Coba pikir kenapa Kominfo berubah cara? Karena kalau mereka terus
menekankan gratis, akan ada dilema. Dilemanya: orang Indonesia jadi malas
membuat software, karena pemakai maunya (dan dibuai) oleh yang gratis.
Kita akan terus jadi konsumen, tidak jadi produsen. Model bisnis untuk
membuat software gratis tidak bagus, at least di Indonesia ini.

> Saya heran, Bernaridho yang katanya seorang "expert" menjelek-jelekkan
> komunitas free sofware dengan alasan yang tidak dapat dipertanggung
> jawabkan secara logis dan cenderung menghasut. bahwa Amerika kehilangan
> banyak uang akibat banyak menggratiskan software. Coba simak potongan
> tulisannya:

Saya tidak perlu menghasut. Beberapa programmer juga tidak suka dengan
fakta bahwa mereka tidak mendapat uang dari software. Itu tekanan yang
dialamatkan kepada Stallman dan FSF sehingga ada LGPL (Lessen GNU
Public License), lisensi yang membolehkan orang menutup source-codenya
dan bisa berbayar. Stallman setengah mati menentang ini tapi akhirnya
mengalah juga. Orang-orang yang menekan Stallman ini tidak terhasut
oleh saya, mereka melakukannya sebelum saya menulis di PC Media.

Mungkin Stallman akhirnya sadar tidak semua orang setuju 100% dengan
dia. Stallman tidak berkeluarga. Banyak orang di dunia ini berkeluarga
dan tidak ingin hidup dengan ideologi/cara yang sama dengan Stallman.

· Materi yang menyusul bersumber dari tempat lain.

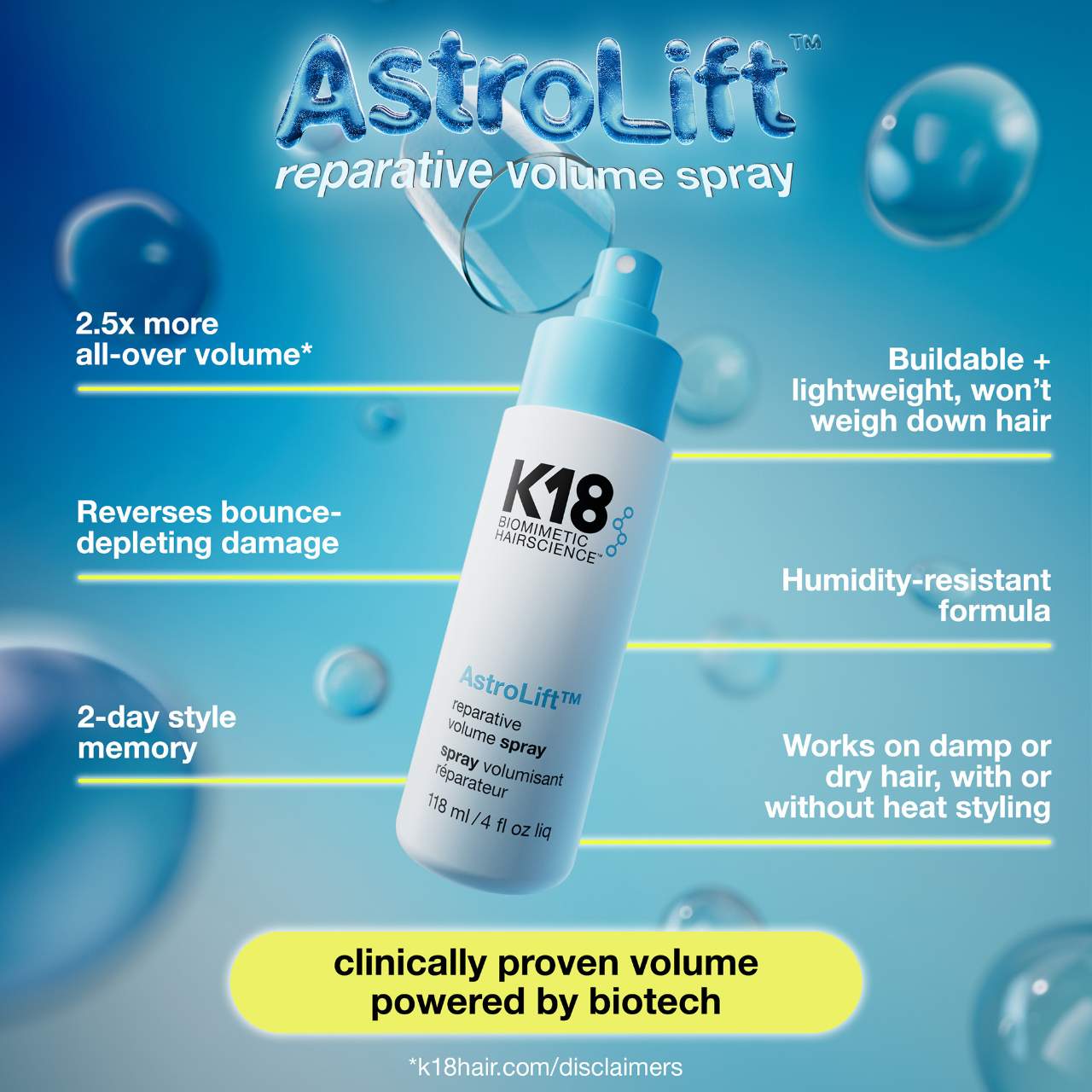 K18 AstroLift Spray Voluminizador Reparador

Amerika Serikat menghabiskan banyak uang melalui kegiatan charity. FSF
dan mungkin banyak badan lain adalah badan charity. Tentu saja krisis
prime mortgage juga berperan dan mungkin paling berperan. Krisis keuangan
tidak hanya tentang prime mortgage, tetapi juga tentang pendanaan ke
badan-badan charity.
Kalau Anda ikuti dengan cermat beberapa bulan awal liputan krisis keuangan
di CNN, disebut bahwa krisis tersebut akan mempengaruhi pemasukan ke
badan-badan charity juga.

Artinya? (1) Broker-broker pendanaan (saya sebut ttg broker di artikel
saya) ke badan-badan charity juga berperan dalam krisis keuangan. (2)
Krisis keuangan memaksa orang-orang di kegiatan charity untuk lebih
bertanggungjawab. FYI (3) Anda pernah membaca bagaimana pelaksana
kegiatan charity spt musik, rehabilitasi Aceh, dsb menyelewengkan
pemasukan?

> "Stalman, FSF (Free Software Fondation :red), serta perusahaan / individu
> pembuat software gratis telah melemahkan daya saing Amerika. Dengan
> membuat banyak software gratis dan memberitahu sangat banyak hal tentant
> TI, membuat Amerika kehilangan banyak uang.
>
> Bandingkan dengan Jepang yang sangat merahasiakan teknologi baterai,
> energi, dan mobil elektronik/hibrida/hidrogen. Dengan cara itu, Toyota
> sangat berjaya dalam penjualan mobil hijau, sementara GM, Chrysler dan
> Ford harus minta uang dari Pemerintah Amerika karena bangkrut".
>
> Aduh, logika yang kacau.

Saya pikir tidak kacau. Di PC Media saya lanjutkan tulisan di atas dengan
tulisan bahwa AS banyak berhutang kepada Cina. Dimana kacaunya?
Bukankah kegiatan improve Linux, membuat Free BSD butuh uang?
Karena Cina dan Jepang tidak jor-joran membuat sesuatu yg gratis,
bukankah mereka akan mendapat uang lebih banyak dan akhirnya Amerika
berhutang ke Cina? Justru sangat logis.

> Kesalahan pertama: Krisisi di Amerika bukan karena software gratis tapi
> akibat macetnya mega kredit perumahan.

Sudah saya jawab.

> Pokok tulisan kan membahas masalah TI, yakni software gratis tapi kenapa
> analoginya dalam dunia otomotif. Sejak kapa n ada perusahaan otomotif
> Amerika seperti GM, Chrysler dll yang membuat mobil gratis dan
> memberitahukan rahasia teknologi mereka kepada publik. Nggak ada coy!
> trus
> apa bedanya dengan Jepang, nggak ada. Mereka membuat mobil yang nggak
> gratis, teknologinya dirahasiakan dan dijual kepada pembeli.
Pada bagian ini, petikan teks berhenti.